You might not be considering the big picture. If the extra register is used in a callee that wasn't inlined, that slot on the stack will be free to be reused by other callees that aren't inlined. So inlining into a function with multiple callees can increase the peak stack usage for the entire callgraph.
I guess `flatten` attribute could be used here to help the situation?

    flatten

      Generally, inlining into a function is limited.

      For a function marked with this attribute, every call 
      inside this function is inlined, if possible.

      Functions declared with attribute noinline and similar are not inlined.

      Whether the function itself is considered for inlining depends on 
      its size and the current inlining parameters.
Suppose you have a function `a` that calls two other functions in succession, `b` and `c`. Further suppose `b` and `c` each have one large stack variable (e.g. an array). Ideally we should be able to reuse the same stack memory for both variables, since they aren't in use at the same time.

There are three cases: neither `b` or `c` is inlined; both are inlined; or only one is inlined. If neither is inlined, the memory is always reused. If both are inlined, the memory is usually reused but not always. If only one is inlined, the memory is never reused.

Therefore, marking functions no-inline can indeed reduce stack usage, but it depends on the situation.

Details:

Case 1: Neither `b` or `c` is inlined. Then `b` will push its stack frame and pop it when it's done, then `c` will do the same with its stack frame, reusing the same memory.

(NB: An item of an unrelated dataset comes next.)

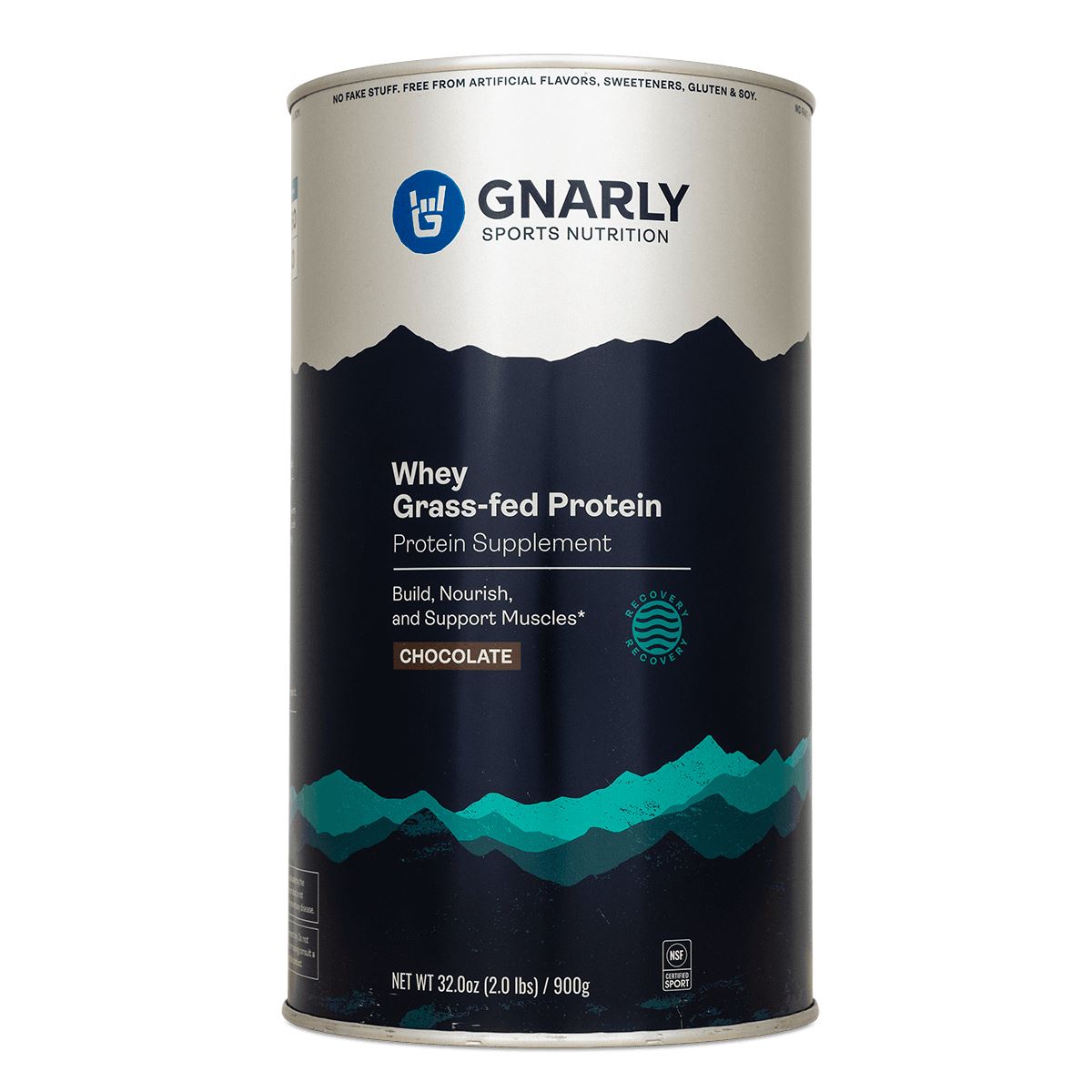 Gnarly Whey by Gnarly Nutrition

Case 2: Both `b` and `c` are inlined. Then both of their variables will be part of `a`'s stack frame. A naive compiler would put each variable in a separate location in the stack frame, so the size of the stack frame would be at least the sum of `b` and `c`'s variables, wasting stack space. However, most compilers can determine that the variables' lifetimes don't overlap and reuse the same part of the stack frame for both. (LLVM calls this "stack coloring", for reference.)

Most compilers, but not all. In a simple test on gcc.godbolt.org, GCC, MSVC, and Clang all normally perform this optimization at all optimization levels [1]. But ICC (Intel C compiler) fails to perform it, allocating space for both variables even at -O3. And there are many more obscure C compilers (not that commonly used these days, but they exist), some of which presumably have the same problem.

Case 3: One of `b` and `c` is inlined but the other isn't. Suppose `b` is the one inlined. `b`'s variable will be incorporated into `a`'s stack frame, but when `a` then calls `c`, `c` will push its stack frame on top of `a`'s. In theory, `a` could dynamically reduce the size of its stack frame before calling `c`, but as far as I know, no major compilers do this, regardless of the optimization level. Therefore, the memory cannot be reused.

[1] Test case: https://gcc.godbolt.org/z/nY4ddz7q1

Note: Clang actually doesn't perform the optimization at -O0, but at -O0 functions are never inlined unless forced to be with always_inline, which should be used sparingly. So it's not a concern in typical situations. MSVC, for its part, doesn't inline functions at /O0 even if they are marked __forceinline.

Reading between the lines, they're probably pointing out that inlining non-trivial functions increases register pressure which leads to larger stack frames as variables spill onto the stack. That's a bit of a strawman since calling the non-inlined function will need to build an entire new stack frame anyway. Which one is most beneficial depends on other circumstances like cache behavior and how often the code is called.
So this one is counterintuitive. You only spend stack space for local variables that don’t fit in registers. If you in-line a function with lots of local variables into a function with lots of local variables you use more stack space. And then that additional stack space can’t be reclaimed until the function it was inlined into returns. So it’s more stack space used temporarily but less used on average.
The same (and more) stack space will be used if it was called as a regular function, whether that's preserving registers across the call boundary or simply running out of registers. So this shouldn't save any space, temporarily or otherwise.
We’re not at all disagreeing. Calling vs inlining trades higher peak stack usage for (ideally) lower average stack usage.

Long running function calling short lived but high memory use function is a bad candidate for inlining because of that.